Si vous aviez vu votre tête,
quand on a annoncé qu'on explorerait les pays Baltes en autostop.
- les incrédules : "mais
pourquoi ? Je ne comprends pas"
- les matérialistes : "
les bus sont si chers que ça ? "
- les anxieux : " c'est
dangereux le stop non? Vous n'avez pas peur de tomber sur un fou ? Imagine
tous les violeurs et les serrial killers qui trainent de nos jours" (à
moi-même : ah bon, tant que cela?)
- les ébahis : "waouh,
c'est une idée dingue, j’adore !»
- les résignés : "En
même temps, celle-là tu ne nous l'avais pas encore faite. Une idée saugrenue de
plus..."
Tout a commencé en juin, avec
Aurélie. Nous participons à la MadJacques, une course en autostop au départ de
Paris, Lyon et Nantes. 800 participants costumés lancés dans une course de
vitesse et de rencontres à destination d'un petit village de la Creuse. La plus
grande course en autostop jamais organisée au monde, 500 kilomètres à avaler
sur la journée. Une découverte et une révélation pour nous. C'est aussi notre
première expérience, avec filet et assistance, car tout est bien organisé ;
depuis l'appli de géolocalisation jusqu'aux voitures balais pour les équipes en
perdition. Nous arrivons 40ème sur 800, une belle performance.
Comme toutes les premières
fois, nous nageons entre découverte et hésitation, une flottaison entre deux
eaux qui nous donne le goût de l'aventure. Le pouce s'impatiente, il ne demande
qu'à repartir.
Le voyage dans les pays
Baltes se précise. Il s'annonce bien sage, peut-être un peu trop. Lorsqu'arrive
le sms d'Aurelie "et si on y allait en stop ?", c'est l'étincelle. En
quelques secondes l'affaire est pliée.
De mon côté j'hésite
longuement à commencer mon périple en stop.
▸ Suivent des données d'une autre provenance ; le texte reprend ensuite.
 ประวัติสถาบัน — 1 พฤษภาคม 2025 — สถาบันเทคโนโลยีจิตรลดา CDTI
Il devait initialement débuter en
Biélorussie, mais une sombre histoire de visa refusé compromet mes plans. Cap
sur Gdansk, en Pologne, et quelques trajets de nuits pour corser la sauce. Pas
le temps de faire du stop. Et puis toute seule sans vraiment maîtriser le
sujet, c'est peut-être un peu trop audacieux, ou inconscient, s'est selon.
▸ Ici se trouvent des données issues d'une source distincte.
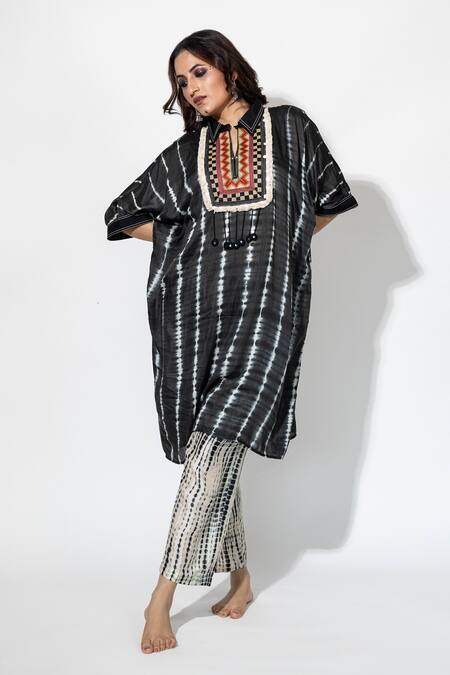 Buy_Anmol Kakad_Black Cotton, Silk Tassels Collared Tie-dye Embroidered Kaftan And Pant Set_Online_at_Aza_Fashions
Nous voilà à Kaunas, en Lituanie,
prêtes à affronter le bitume, l'esprit ouvert à la rencontre. Le pouce s'agite,
il trépigne. Nous sommes parfaitement complémentaires. Aurélie est méthodique
et organisée. Elle étudie minutieusement la carte avant de se lancer tête
baissée. Elle analyse le spot idéal, surfe entre google maps et google street
view pour dénicher la meilleure station-service. Sur place, je prends la suite.
J'active sourire, bonne humeur et relationnel pour créer du lien, rapprocher
nos mondes et faire naître la rencontre. Je suis un peu le "GO" de la
bande. Nos deux pouces sont complémentaires. Le rire est notre meilleur ami.
Pour sûr, les belles
rencontres se provoquent. C'est un état d'esprit, un alignement des planètes
qui fait que deux êtres se rencontrent. C'est ainsi que nous avons croisé le
chemin de cette famille finlandaise sur le chemin de Malaga, un couple de
jeunes anglais qui s'est pris d'intérêt pour notre épopée, une religieuse qui
priera pour nous, des russes qui se seraient plié en quatre pour nous faire
tenir dans la voiture si nous n'avions pas été deux (leur voiture débordait de
bagages), et tant d'autres sourires échangés.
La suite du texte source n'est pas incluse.